To scrape multiple companies in parallel, run multiple instance of main.py. Each instance should use a different facebook account. Scraping with multiple chrome browsers increases likelihood of captcha and Invalid session. Can safely run 3-4 chrome browswers without captcha occurinng frequently (depends on facebook account used).
To resume a scrape from the last successful batch, invoke the resume_scrape() instead of start_one_scrape().
Create a json file and populate it with company_codes and company_names (see '../scraper/Industry/Financials' for example). Run the start_multiple_scrapes() instead of start_one_scrape(). You can also adopt the same approach to use multiple chrome sessions to scrape multiple companies in each session. Each instance of main.py will use a different company_list and facebook accounts.
- Note that you may need to solve the captchas that appear on each login. Fresh glassdoor accounts less prone to Captcha verification on login.
- Modify the FILE_PATH variable in main.
View README.md file in hadoop_analysis folder to see how data sets can be analyzed.
Copy the entire folder in eclipse in the VM. Before you export, ensure that the input and output folders are correct. Chanage the path according to your own needs. Otherwise, leave it as it is and export as a .Jar file. Once the jar file has been compiled. Scp the jar file to the big hadoop cluster.
- Command: scp -r <user@IPaddress:/home/user/>
There are 3 .jar files inside the JAR folder. To use them, use the command specified above to send them to the big hadoop cluster
Ensure that the company that you want to analyze is in a folder called "Materials". Note that the analysis can only be done 1 company at a time so ensure there is only 1 company folder inside the "Materials" folder. Here is the command to scp your codes from your main machine to the big hadoop cluster.

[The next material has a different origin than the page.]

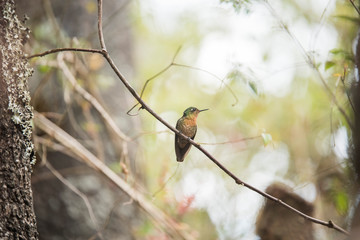 Female hummingbird standing on a branch, tyrian metaltail, Metallura tyrianthina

- Command: scp -r <user@IPaddress:/home/user/>
Next, Put the folder into the hadoop file system.
- Command: hadoop fs -put Materials /user/username/
Check the codes for the input and output file path. Below are the 3 different sets of directories you will need. To run word count analysis
- hadoop fs -mkdir /user/username/wordcount/
- hadoop fs -mkdir /user/username/wordcount/output
To run rating count analysis
- hadoop fs -mkdir /user/username/ratingcount/
- hadoop fs -mkdir /user/username/ratingcount/output
To run sentiment count analysis
- hadoop fs -mkdir /user/username/sentimentcount/
- hadoop fs -mkdir /user/username/sentimentcount/output
Once all the set up above has been done, use the commands below to run the jar files.
To run Word count .jar
- hadoop jar WordCountAnalysis.jar WordCountAnalysis
To run rating count .jar
- hadoop jar RatingCountAnalysis.jar RatingCountAnalysis
To run sentiment count .jar
- hadoop jar SentimentCountAnalysis.jar SentimentCountAnalysis
Once the Mapreduce process is finished. Write one of the 3 commands to view the output
Word Count output
- command: hadoop fs -cat /user/username/wordcount/output/part-r-00000
Rating Count output
- command: hadoop fs -cat /user/username/ratingcount/output/part-r-00000
Sentiment Count output
- command: hadoop fs -cat /user/username/sentimentcount/output/part-r-00000
Follow all ths steps above to carry out the different processes on a single company file.
- Note: If you want to run MapReduce for other companies, insert the company folder into the Materials folder into the Materials folder and scp the folder into the big hadoop cluster and run the entire process again.
pip install flask , pip install wordcloud
To run the website run visualization.py under 2107Hadoopflask folder.